:: Assignment ::
Print, in exact form, the lines below from the one containing "Flared sleeves" through the one containing "A hotel room", and omit all others.

:: Source data ::
+ + + + +
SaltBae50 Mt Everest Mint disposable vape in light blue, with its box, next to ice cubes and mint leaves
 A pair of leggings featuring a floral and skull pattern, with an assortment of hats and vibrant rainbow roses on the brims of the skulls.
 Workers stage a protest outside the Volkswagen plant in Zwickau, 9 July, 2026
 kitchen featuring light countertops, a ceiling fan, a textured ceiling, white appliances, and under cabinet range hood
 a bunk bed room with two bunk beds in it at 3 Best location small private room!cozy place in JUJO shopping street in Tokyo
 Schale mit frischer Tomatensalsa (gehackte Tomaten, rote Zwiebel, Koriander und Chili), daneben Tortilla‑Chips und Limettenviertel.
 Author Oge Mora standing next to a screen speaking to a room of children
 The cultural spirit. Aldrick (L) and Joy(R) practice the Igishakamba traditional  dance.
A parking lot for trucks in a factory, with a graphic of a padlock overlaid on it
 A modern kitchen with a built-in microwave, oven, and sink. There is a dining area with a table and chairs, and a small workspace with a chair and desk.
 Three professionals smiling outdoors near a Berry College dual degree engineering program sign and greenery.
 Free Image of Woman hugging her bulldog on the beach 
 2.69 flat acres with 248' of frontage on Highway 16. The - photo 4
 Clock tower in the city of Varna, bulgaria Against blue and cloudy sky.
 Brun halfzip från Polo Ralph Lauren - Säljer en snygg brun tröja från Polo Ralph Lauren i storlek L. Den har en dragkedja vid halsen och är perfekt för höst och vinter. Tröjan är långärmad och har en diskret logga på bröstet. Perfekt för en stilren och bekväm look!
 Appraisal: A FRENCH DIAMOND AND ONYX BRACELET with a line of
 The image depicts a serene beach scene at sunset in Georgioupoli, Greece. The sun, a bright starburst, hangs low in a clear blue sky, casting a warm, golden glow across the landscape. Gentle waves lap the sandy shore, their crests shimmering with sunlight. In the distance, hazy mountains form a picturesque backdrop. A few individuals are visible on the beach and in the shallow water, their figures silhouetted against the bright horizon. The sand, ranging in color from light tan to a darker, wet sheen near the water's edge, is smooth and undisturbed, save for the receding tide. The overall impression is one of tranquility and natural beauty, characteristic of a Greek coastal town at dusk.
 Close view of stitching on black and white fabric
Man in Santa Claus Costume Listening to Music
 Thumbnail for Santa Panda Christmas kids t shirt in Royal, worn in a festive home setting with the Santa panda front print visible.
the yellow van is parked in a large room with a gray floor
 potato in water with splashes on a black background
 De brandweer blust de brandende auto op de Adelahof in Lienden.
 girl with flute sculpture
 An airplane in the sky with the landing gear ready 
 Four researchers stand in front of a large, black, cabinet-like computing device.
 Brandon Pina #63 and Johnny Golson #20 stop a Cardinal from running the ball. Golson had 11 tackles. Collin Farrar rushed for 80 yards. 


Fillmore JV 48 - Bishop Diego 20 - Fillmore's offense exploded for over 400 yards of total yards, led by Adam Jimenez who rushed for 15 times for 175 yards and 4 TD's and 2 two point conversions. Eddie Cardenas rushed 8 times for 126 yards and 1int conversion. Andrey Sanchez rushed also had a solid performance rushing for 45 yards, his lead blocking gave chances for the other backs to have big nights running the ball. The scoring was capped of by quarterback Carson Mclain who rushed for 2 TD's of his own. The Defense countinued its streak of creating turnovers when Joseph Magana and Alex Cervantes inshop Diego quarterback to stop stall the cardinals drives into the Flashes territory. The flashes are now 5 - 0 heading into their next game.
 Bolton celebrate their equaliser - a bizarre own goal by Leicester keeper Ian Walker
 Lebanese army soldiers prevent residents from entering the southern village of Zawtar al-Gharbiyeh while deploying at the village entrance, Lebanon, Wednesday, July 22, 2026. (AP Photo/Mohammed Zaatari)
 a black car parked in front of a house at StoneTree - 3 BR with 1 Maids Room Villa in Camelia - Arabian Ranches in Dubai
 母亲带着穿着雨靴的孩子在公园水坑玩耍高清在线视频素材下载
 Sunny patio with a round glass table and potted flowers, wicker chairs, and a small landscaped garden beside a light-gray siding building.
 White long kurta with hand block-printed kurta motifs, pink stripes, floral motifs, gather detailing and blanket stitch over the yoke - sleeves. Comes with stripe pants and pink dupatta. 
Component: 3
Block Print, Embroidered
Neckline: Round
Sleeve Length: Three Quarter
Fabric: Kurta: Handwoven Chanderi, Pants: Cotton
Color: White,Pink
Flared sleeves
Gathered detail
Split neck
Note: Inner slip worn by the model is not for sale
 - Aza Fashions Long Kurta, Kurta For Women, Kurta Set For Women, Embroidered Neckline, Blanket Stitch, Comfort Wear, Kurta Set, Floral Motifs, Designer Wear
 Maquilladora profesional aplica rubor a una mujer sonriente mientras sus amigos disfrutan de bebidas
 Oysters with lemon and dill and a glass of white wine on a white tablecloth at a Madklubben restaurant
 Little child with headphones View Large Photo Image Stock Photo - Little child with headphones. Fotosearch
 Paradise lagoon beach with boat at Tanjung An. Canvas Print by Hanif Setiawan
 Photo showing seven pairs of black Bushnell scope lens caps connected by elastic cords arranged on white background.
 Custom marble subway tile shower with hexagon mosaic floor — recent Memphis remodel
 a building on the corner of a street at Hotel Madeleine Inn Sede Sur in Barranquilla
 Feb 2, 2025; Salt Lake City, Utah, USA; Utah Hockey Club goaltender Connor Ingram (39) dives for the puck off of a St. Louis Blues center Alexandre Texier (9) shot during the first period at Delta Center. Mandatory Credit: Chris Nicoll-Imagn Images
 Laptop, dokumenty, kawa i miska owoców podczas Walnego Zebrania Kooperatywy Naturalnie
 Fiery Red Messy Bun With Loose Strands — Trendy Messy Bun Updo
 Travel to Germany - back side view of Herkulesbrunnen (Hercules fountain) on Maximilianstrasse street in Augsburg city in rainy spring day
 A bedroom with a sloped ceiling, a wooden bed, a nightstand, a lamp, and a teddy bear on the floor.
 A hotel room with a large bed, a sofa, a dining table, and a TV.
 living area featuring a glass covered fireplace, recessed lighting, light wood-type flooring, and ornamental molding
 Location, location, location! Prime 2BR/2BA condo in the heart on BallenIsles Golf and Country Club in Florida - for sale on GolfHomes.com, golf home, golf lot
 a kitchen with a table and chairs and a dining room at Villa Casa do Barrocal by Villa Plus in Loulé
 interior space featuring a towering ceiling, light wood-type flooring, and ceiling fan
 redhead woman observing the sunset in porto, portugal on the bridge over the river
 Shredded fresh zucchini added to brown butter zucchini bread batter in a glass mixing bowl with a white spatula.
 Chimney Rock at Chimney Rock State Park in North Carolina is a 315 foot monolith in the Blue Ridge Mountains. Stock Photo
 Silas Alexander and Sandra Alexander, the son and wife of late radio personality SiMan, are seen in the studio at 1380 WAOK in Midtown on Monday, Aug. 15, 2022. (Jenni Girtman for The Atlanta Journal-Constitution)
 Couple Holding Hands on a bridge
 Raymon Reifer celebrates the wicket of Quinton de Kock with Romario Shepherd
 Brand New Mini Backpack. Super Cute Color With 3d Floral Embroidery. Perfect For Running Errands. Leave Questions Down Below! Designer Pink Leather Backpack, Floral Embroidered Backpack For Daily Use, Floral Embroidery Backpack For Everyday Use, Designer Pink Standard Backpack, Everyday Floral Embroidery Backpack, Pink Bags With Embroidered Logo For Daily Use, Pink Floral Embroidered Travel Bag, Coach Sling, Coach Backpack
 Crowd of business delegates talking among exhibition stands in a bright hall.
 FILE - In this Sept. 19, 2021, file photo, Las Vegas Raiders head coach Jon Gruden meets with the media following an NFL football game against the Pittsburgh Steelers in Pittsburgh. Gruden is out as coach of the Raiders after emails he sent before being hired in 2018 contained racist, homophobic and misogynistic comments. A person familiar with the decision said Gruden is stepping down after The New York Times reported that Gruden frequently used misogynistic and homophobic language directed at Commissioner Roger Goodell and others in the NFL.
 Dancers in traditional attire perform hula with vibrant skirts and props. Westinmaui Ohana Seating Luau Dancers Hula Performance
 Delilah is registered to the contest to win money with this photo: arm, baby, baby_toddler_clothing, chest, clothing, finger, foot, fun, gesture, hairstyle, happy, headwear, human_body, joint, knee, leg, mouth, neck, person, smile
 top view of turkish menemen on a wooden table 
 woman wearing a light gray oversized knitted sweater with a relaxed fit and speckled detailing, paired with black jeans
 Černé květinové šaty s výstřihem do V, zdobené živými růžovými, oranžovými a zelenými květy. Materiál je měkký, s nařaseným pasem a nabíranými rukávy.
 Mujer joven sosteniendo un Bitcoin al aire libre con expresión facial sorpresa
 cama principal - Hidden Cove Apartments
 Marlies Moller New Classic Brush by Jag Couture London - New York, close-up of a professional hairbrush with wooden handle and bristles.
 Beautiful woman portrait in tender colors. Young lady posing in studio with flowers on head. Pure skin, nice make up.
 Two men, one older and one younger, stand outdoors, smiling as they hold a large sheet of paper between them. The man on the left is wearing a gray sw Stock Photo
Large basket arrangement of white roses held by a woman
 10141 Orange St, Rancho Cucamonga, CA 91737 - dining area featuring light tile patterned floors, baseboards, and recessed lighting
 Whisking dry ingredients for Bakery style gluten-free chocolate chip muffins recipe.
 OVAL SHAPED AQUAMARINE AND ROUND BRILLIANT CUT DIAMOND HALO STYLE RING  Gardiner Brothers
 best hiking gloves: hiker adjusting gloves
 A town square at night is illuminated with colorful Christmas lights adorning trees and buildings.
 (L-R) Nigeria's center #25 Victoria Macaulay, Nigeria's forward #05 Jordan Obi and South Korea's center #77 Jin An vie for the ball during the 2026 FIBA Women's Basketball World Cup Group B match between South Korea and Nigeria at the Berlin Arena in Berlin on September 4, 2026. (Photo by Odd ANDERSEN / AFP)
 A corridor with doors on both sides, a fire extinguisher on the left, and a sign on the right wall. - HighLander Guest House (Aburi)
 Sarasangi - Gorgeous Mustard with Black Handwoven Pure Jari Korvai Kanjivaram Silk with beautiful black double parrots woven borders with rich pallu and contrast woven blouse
+ + + + +
:: Solution to the problem ::
Flared sleeves
Gathered detail
Split neck
Note: Inner slip worn by the model is not for sale
 - Aza Fashions Long Kurta, Kurta For Women, Kurta Set For Women, Embroidered Neckline, Blanket Stitch, Comfort Wear, Kurta Set, Floral Motifs, Designer Wear
 Maquilladora profesional aplica rubor a una mujer sonriente mientras sus amigos disfrutan de bebidas
 Oysters with lemon and dill and a glass of white wine on a white tablecloth at a Madklubben restaurant
 Little child with headphones View Large Photo Image Stock Photo - Little child with headphones. Fotosearch
 Paradise lagoon beach with boat at Tanjung An. Canvas Print by Hanif Setiawan
 Photo showing seven pairs of black Bushnell scope lens caps connected by elastic cords arranged on white background.
 Custom marble subway tile shower with hexagon mosaic floor — recent Memphis remodel
 a building on the corner of a street at Hotel Madeleine Inn Sede Sur in Barranquilla
 Feb 2, 2025; Salt Lake City, Utah, USA; Utah Hockey Club goaltender Connor Ingram (39) dives for the puck off of a St. Louis Blues center Alexandre Texier (9) shot during the first period at Delta Center. Mandatory Credit: Chris Nicoll-Imagn Images
 Laptop, dokumenty, kawa i miska owoców podczas Walnego Zebrania Kooperatywy Naturalnie
 Fiery Red Messy Bun With Loose Strands — Trendy Messy Bun Updo
 Travel to Germany - back side view of Herkulesbrunnen (Hercules fountain) on Maximilianstrasse street in Augsburg city in rainy spring day
 A bedroom with a sloped ceiling, a wooden bed, a nightstand, a lamp, and a teddy bear on the floor.
 A hotel room with a large bed, a sofa, a dining table, and a TV.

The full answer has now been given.